OUR Russian economy he owes his strong resistance at the height of the war to a very small circle of his trusted economic advisers. Russian President. These are technocrats who saw the danger of war and did not take into account the huge damage from the expected Western sanctions, so they warned the Russian president a month before the invasion of Ukraine. But since they failed to convince him and prevent the invasion, they put their experience at the service of a war with which they did not agree, and remained faithful Vladimir Putin. Above all, however, they remained loyal to the Russian economy they supported, managing to limit the impact of both the war and the sanctions imposed on it by the West.
As stated in the related report Financial TimesAmong Putin’s few trusted economic advisers are prominent figures, including longtime central bank governor Elvira Nabiulina, who propped up the Russian economy during the 2014 crisis after sanctions to attach it Crimea and tamed inflation with aggressive monetary policy, while on the other hand, the CEO of the state bank Sberbank, German Gref, a close associate of the Russian president since the 1990s, also took on the difficult role of representing the rest of the meeting. on the eve of the war and present to Putin in detail its expected catastrophic consequences.

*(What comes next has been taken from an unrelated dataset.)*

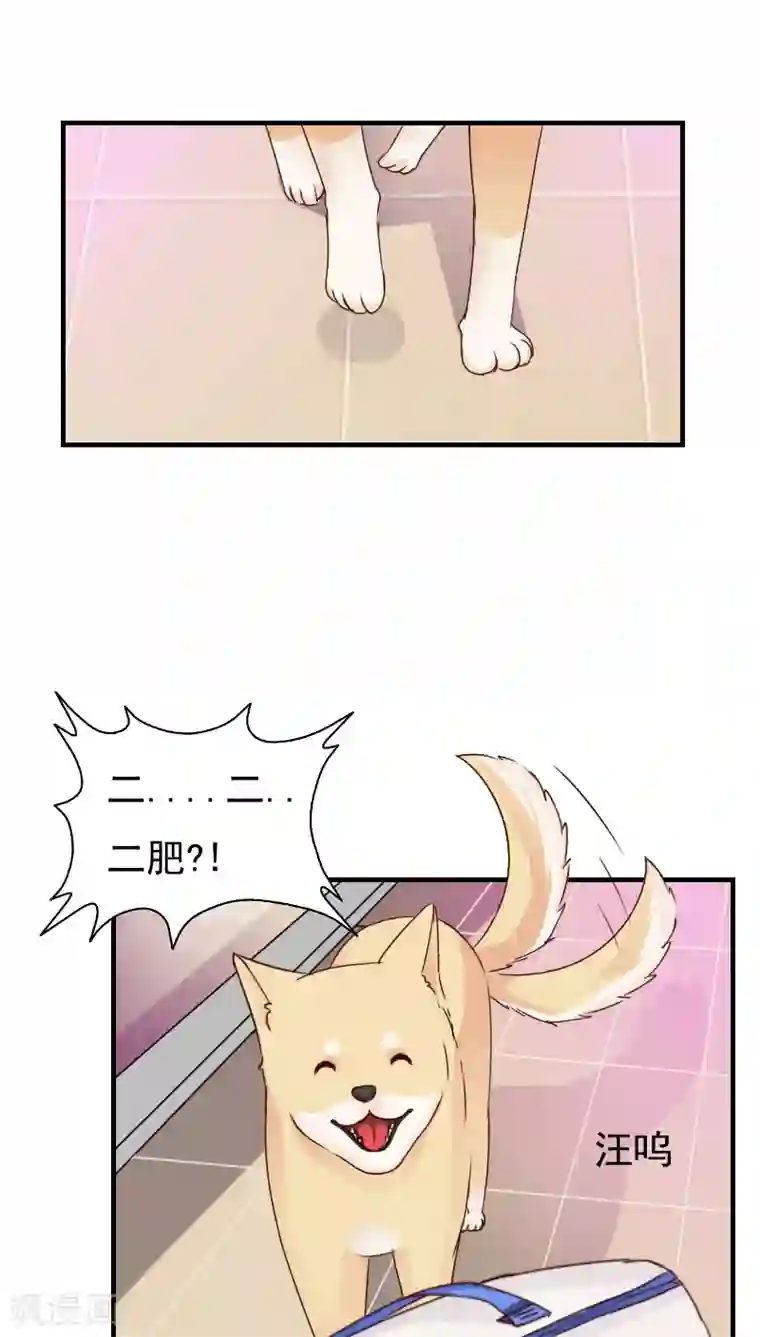 花间云梦第11话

While Russia was cut off from international banking systems, its economy continued to function on the basis of already prepared alternatives.
According to a British newspaper that said its editors spoke with more than 20 former and current Russian officials, oligarchs, bankers and economists, German Gref warned the Russian president that the war could set the Russian economy back decades. This could lead to a 30% decline in GDP in dollar terms and skyrocketing inflation, forcing the central bank to raise interest rates by 35% and therefore reduce Russian incomes by at least 29%. And then the standard of living of Russians will fall below even the level of developing countries, as the country will lose access to all kinds of imports and will struggle to provide not only high-tech equipment, but also medicines and food.
Again referring to current and former Russian officials, the British newspaper reports that the Russian president did not let his trusted economist finish. She interrupted him and asked bluntly what could be done to limit the impact of the sanctions that the West would inevitably impose on the country. The technocrats did not have a quick response and did not dare to point out to Vladimir Putin the danger of provoking a geopolitical catastrophe. They left the meeting without learning anything more about the plans of the Russian president and not understanding whether they managed to influence him.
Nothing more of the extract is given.